## Extracted data entries
##############################
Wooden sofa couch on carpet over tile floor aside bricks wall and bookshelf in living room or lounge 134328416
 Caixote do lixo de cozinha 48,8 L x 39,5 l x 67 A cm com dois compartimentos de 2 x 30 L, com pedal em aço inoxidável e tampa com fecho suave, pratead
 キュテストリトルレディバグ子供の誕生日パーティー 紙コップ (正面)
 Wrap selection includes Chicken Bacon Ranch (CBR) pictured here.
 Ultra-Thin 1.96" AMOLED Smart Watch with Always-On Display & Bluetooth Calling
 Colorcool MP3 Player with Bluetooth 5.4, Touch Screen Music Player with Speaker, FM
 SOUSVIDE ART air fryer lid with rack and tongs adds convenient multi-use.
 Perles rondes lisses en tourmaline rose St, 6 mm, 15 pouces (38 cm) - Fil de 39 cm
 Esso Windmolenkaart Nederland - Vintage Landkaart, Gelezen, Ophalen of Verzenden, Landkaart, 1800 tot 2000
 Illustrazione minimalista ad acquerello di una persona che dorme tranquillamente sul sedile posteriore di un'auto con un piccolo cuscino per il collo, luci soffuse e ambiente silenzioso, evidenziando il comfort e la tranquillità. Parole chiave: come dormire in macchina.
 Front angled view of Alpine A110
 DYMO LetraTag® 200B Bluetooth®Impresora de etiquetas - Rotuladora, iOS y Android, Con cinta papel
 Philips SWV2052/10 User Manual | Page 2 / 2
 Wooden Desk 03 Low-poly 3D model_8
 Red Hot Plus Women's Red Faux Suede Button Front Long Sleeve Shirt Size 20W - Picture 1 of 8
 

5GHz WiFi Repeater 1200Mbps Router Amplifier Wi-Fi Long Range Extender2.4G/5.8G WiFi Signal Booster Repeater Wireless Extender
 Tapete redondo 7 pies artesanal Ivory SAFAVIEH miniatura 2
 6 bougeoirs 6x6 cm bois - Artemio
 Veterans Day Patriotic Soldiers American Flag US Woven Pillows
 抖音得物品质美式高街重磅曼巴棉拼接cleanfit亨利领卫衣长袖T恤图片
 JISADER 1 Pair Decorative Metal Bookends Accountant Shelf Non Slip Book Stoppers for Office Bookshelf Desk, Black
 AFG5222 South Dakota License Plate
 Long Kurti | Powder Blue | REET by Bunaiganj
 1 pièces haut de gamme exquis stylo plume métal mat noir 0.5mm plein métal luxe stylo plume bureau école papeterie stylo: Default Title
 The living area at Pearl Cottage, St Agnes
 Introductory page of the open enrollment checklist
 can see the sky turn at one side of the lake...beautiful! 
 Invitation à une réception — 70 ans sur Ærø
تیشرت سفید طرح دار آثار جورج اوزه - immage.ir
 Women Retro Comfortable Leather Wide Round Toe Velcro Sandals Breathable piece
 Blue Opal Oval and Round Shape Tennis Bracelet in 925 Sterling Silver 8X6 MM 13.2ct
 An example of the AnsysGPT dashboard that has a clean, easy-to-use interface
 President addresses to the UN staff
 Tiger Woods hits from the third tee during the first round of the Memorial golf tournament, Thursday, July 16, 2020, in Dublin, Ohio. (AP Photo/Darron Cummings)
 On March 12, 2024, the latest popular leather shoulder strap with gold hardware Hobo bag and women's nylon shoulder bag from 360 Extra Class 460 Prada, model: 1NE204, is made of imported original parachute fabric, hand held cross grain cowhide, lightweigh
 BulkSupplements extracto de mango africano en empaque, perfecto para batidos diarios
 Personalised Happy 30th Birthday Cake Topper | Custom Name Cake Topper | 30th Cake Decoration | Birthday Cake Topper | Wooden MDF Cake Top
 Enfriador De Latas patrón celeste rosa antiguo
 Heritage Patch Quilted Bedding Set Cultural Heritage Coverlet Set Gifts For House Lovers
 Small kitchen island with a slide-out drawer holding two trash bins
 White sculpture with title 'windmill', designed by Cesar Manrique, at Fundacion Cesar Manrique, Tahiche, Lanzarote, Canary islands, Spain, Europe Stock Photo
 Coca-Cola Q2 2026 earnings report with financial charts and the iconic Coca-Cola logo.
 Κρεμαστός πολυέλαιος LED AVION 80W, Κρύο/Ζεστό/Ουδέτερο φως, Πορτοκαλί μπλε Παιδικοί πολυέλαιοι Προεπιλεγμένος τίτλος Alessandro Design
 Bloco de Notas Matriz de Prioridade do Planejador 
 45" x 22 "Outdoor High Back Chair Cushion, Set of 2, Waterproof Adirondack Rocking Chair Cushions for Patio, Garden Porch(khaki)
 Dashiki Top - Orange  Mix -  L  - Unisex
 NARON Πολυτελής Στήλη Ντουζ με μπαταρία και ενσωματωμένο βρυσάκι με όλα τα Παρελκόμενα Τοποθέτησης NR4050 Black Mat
##############################
## WHAT YOU ARE ASKED TO DO
Using the entries above, output exactly the lines between the line holding "Enfriador De Latas" and the line holding "Small kitchen island", end lines included, and nothing more.

## REPLY TO THE EXERCISE
 Enfriador De Latas patrón celeste rosa antiguo
 Heritage Patch Quilted Bedding Set Cultural Heritage Coverlet Set Gifts For House Lovers
 Small kitchen island with a slide-out drawer holding two trash bins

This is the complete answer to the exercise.